The competitive inhibition of [³H] Rauwolscine (2.5 nmol/L) binding to human α_2A-AR or α_2B-AR was performed in the presence of various concentrations of P300–2342, T226–1970, T226–1918, P300–2344, P300–2297, P300–1500, UK 14304, and DMED. CHO-K1 cells expressing human α_2A-AR or α_2B-AR membranes (2 μg, ES-030-M400UA/NET722250UC, PerkinElmer) were incubated at 27 °C for 1 h in 50 mM Tris-HCl, 1 mM EDTA buffer with 2.5 nM [³H] Rauwolscine in the presence or absence of ten concentrations of competing ligands ranging from 1.3 × 10⁻⁹ to 1.0 × 10⁻⁴. The reactions were transferred to the pretreated UNIFILTER-96 GF/B plates (PerkinElmer) and rinsed four times with 50 mM Tris-HCl by Universal Harvest (PerkinElmer). The plates were dried at 55 °C for 10 min, and 40 μL ULTIMA GOLD (PerkinElmer) scintillation fluid was added to each well. Radioactivity retained in each sample was counted in a Microbeta2 (PerkinElmer). The binding inhibition % = (average value of negative control-CPM)/(average value of negative control-average value of positive control) × 100.

5.5. cAMP Assay

According to the GloSensor cAMP biosensor (Promega, Shanghai, China) manufacturer protocols, HEK293 cells were co-transfected with the pGloSensor-22F cAMP plasmid (Promega, E1171) and pCMV6 Entry-Flag-α_2A-AR. After 24 h, the cells were seeded in white 96-well plates. The next day, the cell media were replaced by 90 μL of fresh DMEM with 2% v/v GloSensor cAMP reagent (Promega, E1290) and incubated for 60 min at 37 °C. Before drug stimulation, an initial measurement of the baseline signal was detected.
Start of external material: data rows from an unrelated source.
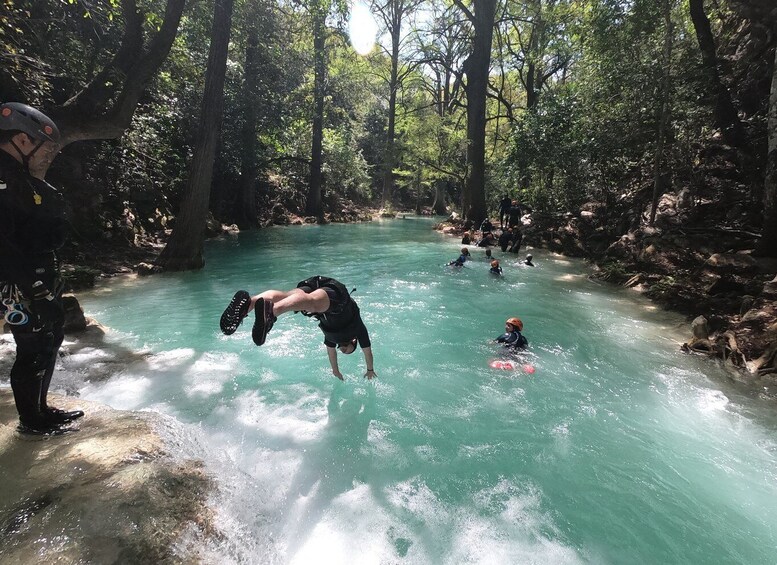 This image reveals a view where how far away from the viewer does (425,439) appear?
4.28 meters

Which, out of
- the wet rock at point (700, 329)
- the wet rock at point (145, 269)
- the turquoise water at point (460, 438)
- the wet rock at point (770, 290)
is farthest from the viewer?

Then cells were stimulated with 10⁻¹², M-10⁻⁵, M, P300–2342, T226–1970, P300–2344, P300–1500, or DMED for 10 min and then were stimulated with forskolin (10 μM) for 15 min with or without α_2A-AR antagonist BRL44408 (10 μM) pretreatment. PTX 500 ng/mL selectively ablated receptor Gi coupling [32]. PTX 500 ng/mL pretreatment for 24 h was used to assay the chemical effects on Gi coupling following α_2A-AR activation. Two mutations, V114A and Y394A were introduced into the α_2A-AR genes, respectively, using standard QuickChange PCR. The cAMP accumulations induced by DMED or P300–2342 were also studied in HEK293 cells co-transfected with the pGloSensor-22F cAMP plasmid and pCMV6 Entry-Flag-α_2AV114A-AR or α_2AY394A-AR with forskolin (10 μM) stimulation. HEK293 cells co-transfected with the pGloSensor-22F cAMP plasmid and pCMV6 Entry-Flag-α_2B-AR were stimulated with P300–2342, T226–1970, P300–2344, P300–1500, or DMED to detect the cAMP accumulation. In each experiment, the cAMP assay used pcDNA3.1 myc/hisB transfected cells as a negative control and cells stimulated with 10 μM of forskolin as a positive control. The signal was read using a Victor 2D Instrument (PerkinElmer) at 675 nm. The production of cAMP% was calculated (the signal value after chemicals addition–baseline signal value)/the baseline signal value *100 as described in our previous study [33].